With last night's showing (3 doubles and a homer in 5 at bats), Matt Kemp's quest for the Triple Crown---leading* one of the leagues in batting average, home runs, and RBIs in the same season---suddenly is starting to look possibly realistic. I didn't blog about this earlier primarily because of the big gap in batting average between Kemp and the two people ahead of him, but after last night, Kemp is at .326, Jose Reyes is at .329, and Ryan Braun is at .330. Matt Kemp has 118 runs batted in, which is 5 more than Ryan Howard and 6 more than Prince Fielder. Kemp has 36 home runs, which is second to Albert Pujols's 37. The last Triple Crown winner was Carl Yastrzemski in 1967, so Kemp's season has a chance to be historic. Obviously, Kemp is one of the leading Most Value Player award candidates, and I hope he wins it. If the season ended today, I think he would deserve the award---e.g., check out his wins above replacement and compare it to that of everyone else in the National League!. Of course, I expect him to be hurt somewhat in the voting by the Dodgers' place in the standings. (However, I expect that Kemp's run at the Triple Crown will mitigate this significant, so this might well be enough to push him over the top.)

Meanwhile, Dodger pitcher Clayton Kershaw is also having an awesome season, with an excellent chance to win both the Cy Young award and the Pitching Triple Crown (leading* a league in wins, earned run average, strikeouts in the same season). However, if you clicked on the link above, you'll notice that the Pitching Triple Crown is considerably rarer than the (Hitting) Triple Crown, which is therefore considered the more exciting of the two achievements.

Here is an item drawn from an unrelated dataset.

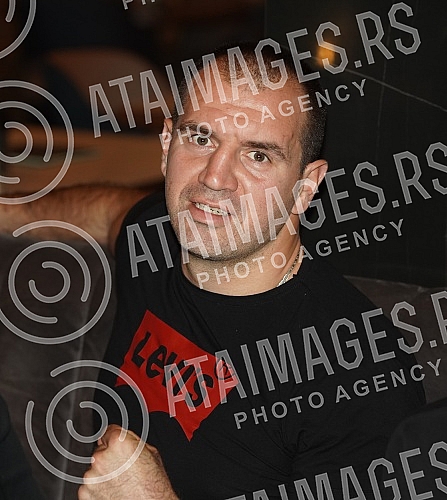 Press conference on the occasion of the first memorial of prof. Dr. Miroslav Popovic, which will be held on November 8 at UBU. And the match for the title of professional champion of Serbia in cruiserweight between Veljko Raznatovic and Goran Babic (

Of course, Matt Kemp is not the only person having a remarkable season. In fact, Matt Kemp's season only has a chance to be historical; Adam Dunn's season is already historically bad, but he has a chance to set a rather dubious record: lowest batting average in a season by somebody with enough plate appearances to qualify for the batting title. The White Sox left him completely out of the lineup for a while, and they were playing him increasing infrequently before than because of his execrable performance (which is rather amazing, given his prior hitting prowess). I think the ChiSox started playing Dun again because they calculated that he wouldn't get enough plate appearances to set that rather dubious record. However, I believe that there is still a way it can work: add imaginary at bats with hits in each one and see if Dunn's average would still set the record once this leads to having enough plate appearances. (Imaginary hitless at bats are added to people without enough plate appearances when it comes to determine who is awarded a batting title in the history books, so there's no reason the analog shouldn't apply in this case as well.)

It basically felt like the Dodgers were already out of it in April---until recently, that's what kind of season it's been. I was pleasantly amazed when we recently made it to .500, so hopefully we'll finish with a winning record. It is possible that Kemp will win the MVP (I hope he does!) and that Kershaw will win the Cy Young (I hope he does!). If I remember the answer to a recent Dodger-broadcast trivia question correctly, only one team in baseball history has had both the MVP and Cy Young winner and not gone to the postseason, and that team won 102 games and lost a 1-game playoff game to determine who would go to the postseason. For a while, it looked like the Dodgers might finish in last place and have both the MVP and Cy Young winners. Thankfully, our final win-loss record will be much better than that, and we still have a chance to make some baseball history.

* Being tied for first in a category is ok, though for batting average, one would of course go to the fourth digit and beyond if necessary.

Update (9/29/11): Matt Kemp didn't win the Triple Crown, but Kershaw got the Pitching Triple Crown. Kemp did end up leading the National League in HRs (39) and RBIs (126), and he also missed entering the 40/40 club (40 HRs and 40 SBs in one season) by just a single homer. It will be a crime if Kemp isn't the MVP. I actually think Roy Halladay deserves the CY Young more than Kershaw---the main reason is that his home park is a favorable to hitters whereas Kershaw's is favorable to pitchers---but I hope that Kershaw wins. If both Kemp and Kershaw win, then the Dodgers will make history (see the discussion above). Oh, and Adam Dunn has managed to have what is literally the worst season in history by a Major League position player. Ouch!